**WHAT THIS TASK INVOLVES**
Could you copy, exactly as written, every line from the first line of the records through the one containing "荷箱内寸 長さ440cm 幅210cm"?

-- Opening Marker --

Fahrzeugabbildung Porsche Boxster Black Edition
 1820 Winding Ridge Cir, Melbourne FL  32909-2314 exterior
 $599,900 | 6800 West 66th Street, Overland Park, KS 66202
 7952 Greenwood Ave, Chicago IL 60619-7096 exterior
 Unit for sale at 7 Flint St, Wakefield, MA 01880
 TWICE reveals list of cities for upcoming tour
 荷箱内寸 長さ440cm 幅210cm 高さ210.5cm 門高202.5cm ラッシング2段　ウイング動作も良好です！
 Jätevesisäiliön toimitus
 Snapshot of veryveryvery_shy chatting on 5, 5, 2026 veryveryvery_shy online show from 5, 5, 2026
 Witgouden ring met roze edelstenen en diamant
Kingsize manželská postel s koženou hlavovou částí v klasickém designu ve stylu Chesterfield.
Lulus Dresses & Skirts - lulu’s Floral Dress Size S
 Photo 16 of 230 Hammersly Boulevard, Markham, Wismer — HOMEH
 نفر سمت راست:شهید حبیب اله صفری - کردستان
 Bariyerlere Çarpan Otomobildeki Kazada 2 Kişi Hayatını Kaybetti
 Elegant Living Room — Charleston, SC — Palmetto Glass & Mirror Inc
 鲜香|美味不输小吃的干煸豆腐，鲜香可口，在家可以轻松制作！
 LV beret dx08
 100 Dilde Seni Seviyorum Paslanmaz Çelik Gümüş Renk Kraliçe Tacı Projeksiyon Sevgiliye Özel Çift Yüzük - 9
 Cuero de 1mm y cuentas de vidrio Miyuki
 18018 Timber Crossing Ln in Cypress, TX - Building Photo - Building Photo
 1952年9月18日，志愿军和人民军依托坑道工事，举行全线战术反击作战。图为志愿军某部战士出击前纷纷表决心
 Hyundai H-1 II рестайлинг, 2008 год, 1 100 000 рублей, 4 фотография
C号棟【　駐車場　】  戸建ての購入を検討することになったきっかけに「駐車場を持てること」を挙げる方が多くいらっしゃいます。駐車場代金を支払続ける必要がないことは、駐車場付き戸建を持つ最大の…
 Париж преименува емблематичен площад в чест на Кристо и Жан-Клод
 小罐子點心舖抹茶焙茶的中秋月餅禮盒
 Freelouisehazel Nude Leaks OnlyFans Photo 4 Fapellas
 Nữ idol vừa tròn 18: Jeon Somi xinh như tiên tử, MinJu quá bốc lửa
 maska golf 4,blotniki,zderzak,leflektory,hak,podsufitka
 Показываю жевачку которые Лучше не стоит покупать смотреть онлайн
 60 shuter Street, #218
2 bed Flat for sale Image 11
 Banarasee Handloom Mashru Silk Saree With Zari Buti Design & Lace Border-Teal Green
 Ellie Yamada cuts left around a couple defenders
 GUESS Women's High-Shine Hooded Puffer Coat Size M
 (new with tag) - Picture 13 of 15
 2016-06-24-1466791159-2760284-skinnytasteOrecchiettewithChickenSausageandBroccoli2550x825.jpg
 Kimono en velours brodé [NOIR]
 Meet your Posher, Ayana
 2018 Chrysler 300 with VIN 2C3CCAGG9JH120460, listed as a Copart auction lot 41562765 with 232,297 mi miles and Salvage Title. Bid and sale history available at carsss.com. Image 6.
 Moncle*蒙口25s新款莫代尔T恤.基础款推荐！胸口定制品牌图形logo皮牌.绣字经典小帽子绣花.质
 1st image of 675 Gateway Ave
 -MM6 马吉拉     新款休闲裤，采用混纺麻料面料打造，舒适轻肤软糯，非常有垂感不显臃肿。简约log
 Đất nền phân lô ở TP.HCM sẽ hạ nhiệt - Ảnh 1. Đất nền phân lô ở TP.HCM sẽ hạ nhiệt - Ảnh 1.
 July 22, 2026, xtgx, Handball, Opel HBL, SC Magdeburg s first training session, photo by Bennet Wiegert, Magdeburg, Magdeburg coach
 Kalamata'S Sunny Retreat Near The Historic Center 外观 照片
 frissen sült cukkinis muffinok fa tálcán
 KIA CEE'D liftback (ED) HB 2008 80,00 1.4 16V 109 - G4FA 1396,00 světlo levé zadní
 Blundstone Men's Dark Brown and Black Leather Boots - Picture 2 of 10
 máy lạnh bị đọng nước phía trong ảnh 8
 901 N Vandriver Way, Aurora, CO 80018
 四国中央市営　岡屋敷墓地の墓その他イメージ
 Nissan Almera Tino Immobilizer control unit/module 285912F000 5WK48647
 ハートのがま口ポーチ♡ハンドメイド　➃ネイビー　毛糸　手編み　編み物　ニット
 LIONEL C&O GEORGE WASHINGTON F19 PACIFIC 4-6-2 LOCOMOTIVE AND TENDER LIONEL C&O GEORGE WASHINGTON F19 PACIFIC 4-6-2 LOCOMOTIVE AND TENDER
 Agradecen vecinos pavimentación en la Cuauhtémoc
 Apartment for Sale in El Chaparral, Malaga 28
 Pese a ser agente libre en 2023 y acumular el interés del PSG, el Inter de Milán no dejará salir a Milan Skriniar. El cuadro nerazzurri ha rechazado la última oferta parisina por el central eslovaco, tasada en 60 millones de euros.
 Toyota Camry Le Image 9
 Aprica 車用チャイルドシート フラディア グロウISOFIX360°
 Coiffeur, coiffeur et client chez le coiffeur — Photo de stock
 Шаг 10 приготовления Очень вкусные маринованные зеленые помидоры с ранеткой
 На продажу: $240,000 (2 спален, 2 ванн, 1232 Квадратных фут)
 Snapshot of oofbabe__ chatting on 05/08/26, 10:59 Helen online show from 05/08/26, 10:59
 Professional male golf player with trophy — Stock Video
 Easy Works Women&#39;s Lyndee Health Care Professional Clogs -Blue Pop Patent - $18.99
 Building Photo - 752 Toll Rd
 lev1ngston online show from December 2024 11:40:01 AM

-- Closing Marker --

**YOUR RESPONSE**
Fahrzeugabbildung Porsche Boxster Black Edition
 1820 Winding Ridge Cir, Melbourne FL  32909-2314 exterior
 $599,900 | 6800 West 66th Street, Overland Park, KS 66202
 7952 Greenwood Ave, Chicago IL 60619-7096 exterior
 Unit for sale at 7 Flint St, Wakefield, MA 01880
 TWICE reveals list of cities for upcoming tour
 荷箱内寸 長さ440cm 幅210cm 高さ210.5cm 門高202.5cm ラッシング2段　ウイング動作も良好です！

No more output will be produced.